Je rentre à Bruxelles, le petit garçon qui quinze jours plus tôt nous disait en partant mais n’oubliez pas quand même que vous habitez ici un peu hein a grandi autant que le chat numéro 3. Ces quinze jours en France sont passés vite ; j’ai à peine eu le temps de retrouver Lyon que je l’avais déjà quittée à nouveau ; heureusement quelques verres à l’Epicerie, quelques heures avec les amies qu’on garde, et puis l’Auvergne, et la famille en plein, je me dis que c’était peut-être la dernière fois où on croit encore au Père-Noël, où les petites sont assez petites pour l’émerveillement du matin du 25. Je fais une terrine de noix que ma grand-mère mange en disant ce ne doit pas être désagréable tous les jours, d’être végétarien, j’embrasse ma petite sœur qui est partie aujourd’hui pour l’Argentine et va y rester des mois, je lui rends son étreinte, je voudrais que ça dise je t’aime profite prends soin de toi découvre aventure-toi poursuis ta route, oui, tout ça à la fois.
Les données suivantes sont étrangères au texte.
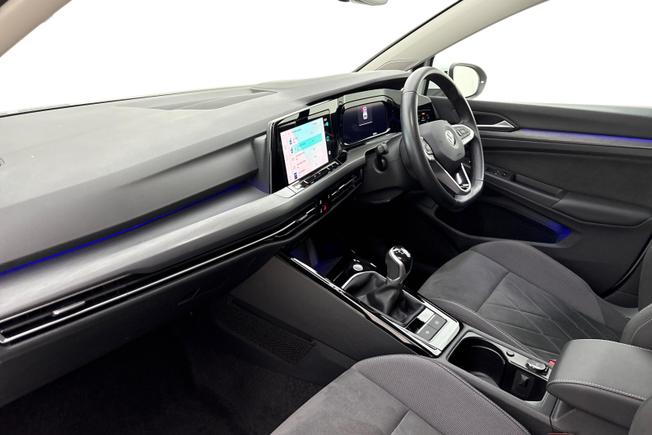 VOLKSWAGEN GOLF Photo 2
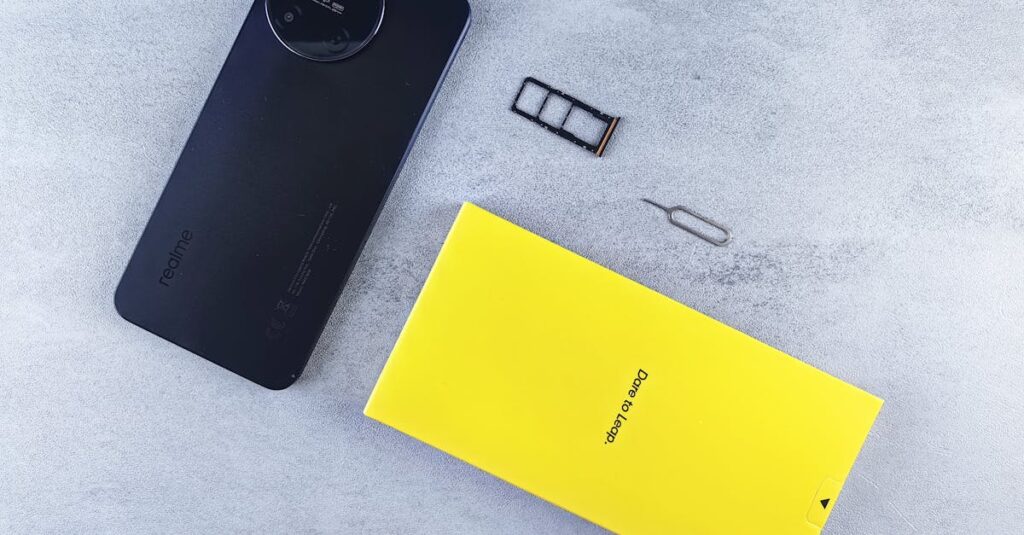 格安SIMのサポート内容を比較している女性が、スマホとノートPCの画面を見比べながらトラブル時の対応を調べている様子。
Après une journée de train, je rejoins A. à la gare de Rennes et nous terminons le voyage ensemble, le temps de nous remettre de nos trajets respectifs en râlant puis en rigolant. Cette semaine en Bretagne, avec les belles balades, le marché du dimanche matin, le vent qui chasse les nuages, les soirées jeux, la mer depuis la fenêtre, l’Auberge espagnole qu’on regarde pour la énième fois alors qu’on le connaît tous par cœur, et les autres films qu’on regarde ensemble, et dont on parle pendant tout ce temps ensuite ; cette semaine avec nos heures calmes, le temps d’écriture presque quotidien, les discussions à deux, à trois, les fous rires à plein. Le 31, nous préparons un repas tous ensemble, chacun cuisinant ce qu’il a envie de faire goûter aux autres, chacun avec sa touche de soi ; délicieuse liqueur de poire, et je passe ma robe noire ; A. dit, mais pff, tu as tellement la classe comme ça, et moi qui ris, verre à la main, vue sur la mer, et l’air de rien, bye bye hier, les bonnes résolutions qu’on se choisit les uns pour les autres, peut-être que c’est plus facile comme ça.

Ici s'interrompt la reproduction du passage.